A ma droite le commissaire Verjeat, la cinquantaine, homme bourru et avare de paroles, le visage fermé, n’hésitant pas à mettre le pied dans le plat au risque de se faire remonter les bretelles par sa hiérarchie, mais préférant les remontrances à la perte de sa dignité : Lino Ventura égal à lui-même dans la peau d’un personnage qu’il connait par cœur. A ma gauche un jeune loup fringant et exubérant d’à peine 30 ans, sans gêne, matamore, roublard mais au cœur grand comme ça, prêt à tout pour en découdre si c’est pour filer un coup de main à son mentor : Patrick Dewaere, déjà fabuleux, au tout début d’une des plus belles (mais trop courtes) carrière du cinéma français. La décennie suivante, après le succès foudroyant de L’Arme fatale, nous en trouverons à la pelle, aussi bien dans le cinéma français qu’américain, des duos de policiers aussi incongrus mais dont l’amitié deviendra indéfectible au fil des épreuves. Découvert aujourd’hui, Adieu Poulet pourrait donc sembler vu et revu mais en 1975, Francis Veber devait être l'un des premiers à tester cette mixture dont il se fera une spécialité par la suite avec notamment sa trilogie bien connue mettant en avant Pierre Richard et Gérard Depardieu.
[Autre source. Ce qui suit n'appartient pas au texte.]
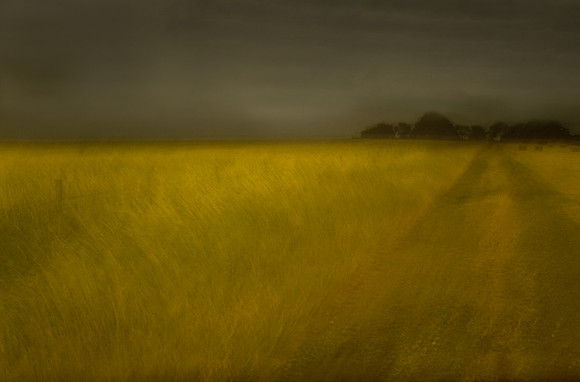 field 9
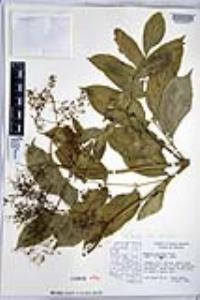 Sambucus cerulea image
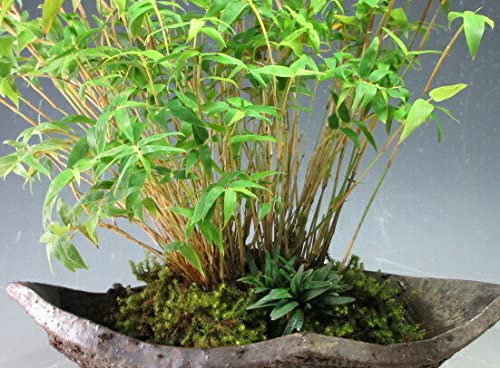 Amazon.co.jp: 金明竹の鉢植え（高足鉢） : DIY・工具・ガーデン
Un scénario bien charpenté mais manquant de subtilité (la morale du "tous pourris" étant là pour en témoigner), une mise en scène carrée quoique impersonnelle et sans éclat, une photographie assez laide et une composition de Philipe Sarde qui ne fait pas partie des ses plus mémorables, pour un polar sans réelle surprise, ponctuée de quelques séquences à tendance humoristique qui le plombent un peu (Dominique Zardi faisant le pitre en plein milieu de la seule scène d’action violente du film, le vol plané des jeunes bouddhistes...), mais bénéficiant d’excellents dialogues et forçant la sympathie par son casting sur mesure (Victor Lanoux, Julien Guiomar, Claude Rich...) et une belle histoire d’amitié entre deux hommes que tout semblait séparer (la séquence de la discussion sur le banc dans le parc après une cuite est sans doute la plus belle du film). Du cinéma populaire bien calibré et très plaisant dans la tradition du cinéma politique de l’époque, dans lequel les magouilles et le pouvoir de l’argent étaient fustigés.